On January 27, 2017, the NHL 100 Gala was held at Microsoft Theater, in which the NHL unveiled the remainder of its top 100 players of all-time (the first 33, representing players who played prior to 1966, were unveiled during a pre-game ceremony at the NHL Centennial Classic earlier in the month). The special was hosted by Jon Hamm, and featured appearances by Michael J. Fox, Al Michaels, Keanu Reeves, and Alex Trebek, and performances by John Legend, and John Ondrasik.

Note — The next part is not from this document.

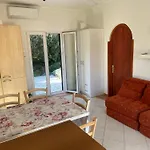 펜션 Idyllisches Haus An Weingaerten 30 M Von Kiesstrand *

Carly Rae Jepsen sang the Canadian national anthem. Pop group Fifth Harmony were scheduled to sing the U.S. anthem, but pulled out after one of their members had fallen ill. They were replaced by singer Courtney Daniels, a member of the Los Angeles Kings' ice cleaning crew (she performed similar duties during the game, and also assisted in presenting the MVP award after its conclusion). Snoop Dogg (under the alias DJ Snoopadelic) performed during player introductions for the skills competition. Before the game, the teams were introduced by four celebrities, each representing their home division: Atlantic - Wayne Gretzky, Metropolitan - Tim Robbins, Central - Chris O'Donnell, Pacific - Colin Hanks.

===Celebrity Shootout===
A celebrity game was held on January 28, 2017; the game was played between a team of celebrities coached by Wayne Gretzky (including Canadian singer Justin Bieber), and a team of NHL alumni coached by Mario Lemieux.

==Television==
In the United States, the All-Star Game was broadcast by NBC, marking the All-Star Game's return to network television for the second time since 2004. In Canada, it was broadcast on both CBC and Sportsnet, and on TVA Sports in French.